:: Task requirements ::
Please transcribe, word for word, the line containing "Xe Tải Hino FL 3 Chân Mui Bạt Bửng Nhôm 9m5" and every line after it through the end of the records below, and nothing else.

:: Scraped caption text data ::

-*-

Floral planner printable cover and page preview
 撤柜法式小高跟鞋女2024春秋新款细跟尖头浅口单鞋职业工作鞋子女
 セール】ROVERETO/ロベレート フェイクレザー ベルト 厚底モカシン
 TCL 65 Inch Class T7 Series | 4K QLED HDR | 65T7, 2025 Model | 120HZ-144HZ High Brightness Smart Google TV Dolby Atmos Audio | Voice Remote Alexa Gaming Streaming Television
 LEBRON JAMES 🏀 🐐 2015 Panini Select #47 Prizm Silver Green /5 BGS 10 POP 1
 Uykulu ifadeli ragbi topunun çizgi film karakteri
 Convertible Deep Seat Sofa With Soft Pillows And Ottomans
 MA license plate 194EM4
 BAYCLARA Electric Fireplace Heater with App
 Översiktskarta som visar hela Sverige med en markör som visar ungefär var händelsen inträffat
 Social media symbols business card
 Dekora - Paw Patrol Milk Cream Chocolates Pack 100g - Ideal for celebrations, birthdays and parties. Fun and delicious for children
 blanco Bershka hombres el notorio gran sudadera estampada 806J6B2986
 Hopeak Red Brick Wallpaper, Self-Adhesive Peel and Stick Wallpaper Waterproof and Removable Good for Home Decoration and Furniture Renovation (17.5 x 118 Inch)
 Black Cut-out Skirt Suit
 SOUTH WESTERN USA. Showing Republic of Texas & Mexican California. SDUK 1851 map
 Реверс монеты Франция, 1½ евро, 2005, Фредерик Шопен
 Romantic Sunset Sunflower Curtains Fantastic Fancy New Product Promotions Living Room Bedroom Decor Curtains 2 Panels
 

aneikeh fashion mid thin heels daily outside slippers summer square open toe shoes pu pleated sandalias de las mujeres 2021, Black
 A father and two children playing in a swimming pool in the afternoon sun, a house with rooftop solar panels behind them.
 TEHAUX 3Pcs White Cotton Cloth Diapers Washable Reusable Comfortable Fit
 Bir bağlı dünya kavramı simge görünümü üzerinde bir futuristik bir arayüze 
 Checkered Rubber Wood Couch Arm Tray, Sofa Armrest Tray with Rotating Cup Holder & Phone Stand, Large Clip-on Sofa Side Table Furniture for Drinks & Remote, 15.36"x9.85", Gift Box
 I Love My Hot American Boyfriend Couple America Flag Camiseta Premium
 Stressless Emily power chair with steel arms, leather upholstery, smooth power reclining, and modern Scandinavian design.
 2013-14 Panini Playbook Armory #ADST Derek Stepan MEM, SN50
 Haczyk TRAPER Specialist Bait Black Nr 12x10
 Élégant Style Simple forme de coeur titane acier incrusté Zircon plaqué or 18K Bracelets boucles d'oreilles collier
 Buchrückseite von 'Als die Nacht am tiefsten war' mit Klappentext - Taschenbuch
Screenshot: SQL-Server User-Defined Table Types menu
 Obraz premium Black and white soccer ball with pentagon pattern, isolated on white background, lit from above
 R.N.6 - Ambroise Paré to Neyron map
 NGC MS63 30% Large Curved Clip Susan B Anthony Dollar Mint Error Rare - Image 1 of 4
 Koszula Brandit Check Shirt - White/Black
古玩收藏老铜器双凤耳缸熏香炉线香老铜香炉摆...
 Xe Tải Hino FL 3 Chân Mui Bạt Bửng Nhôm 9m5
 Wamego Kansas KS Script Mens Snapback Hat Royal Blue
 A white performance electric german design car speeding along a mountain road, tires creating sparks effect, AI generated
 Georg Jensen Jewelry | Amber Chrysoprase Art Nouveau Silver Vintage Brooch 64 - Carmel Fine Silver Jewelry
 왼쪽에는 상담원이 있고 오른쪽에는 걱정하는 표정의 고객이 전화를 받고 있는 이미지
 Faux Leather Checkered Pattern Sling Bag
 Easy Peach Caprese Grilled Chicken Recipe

-*-

:: Written reply ::
 Xe Tải Hino FL 3 Chân Mui Bạt Bửng Nhôm 9m5
 Wamego Kansas KS Script Mens Snapback Hat Royal Blue
 A white performance electric german design car speeding along a mountain road, tires creating sparks effect, AI generated
 Georg Jensen Jewelry | Amber Chrysoprase Art Nouveau Silver Vintage Brooch 64 - Carmel Fine Silver Jewelry
 왼쪽에는 상담원이 있고 오른쪽에는 걱정하는 표정의 고객이 전화를 받고 있는 이미지
 Faux Leather Checkered Pattern Sling Bag
 Easy Peach Caprese Grilled Chicken Recipe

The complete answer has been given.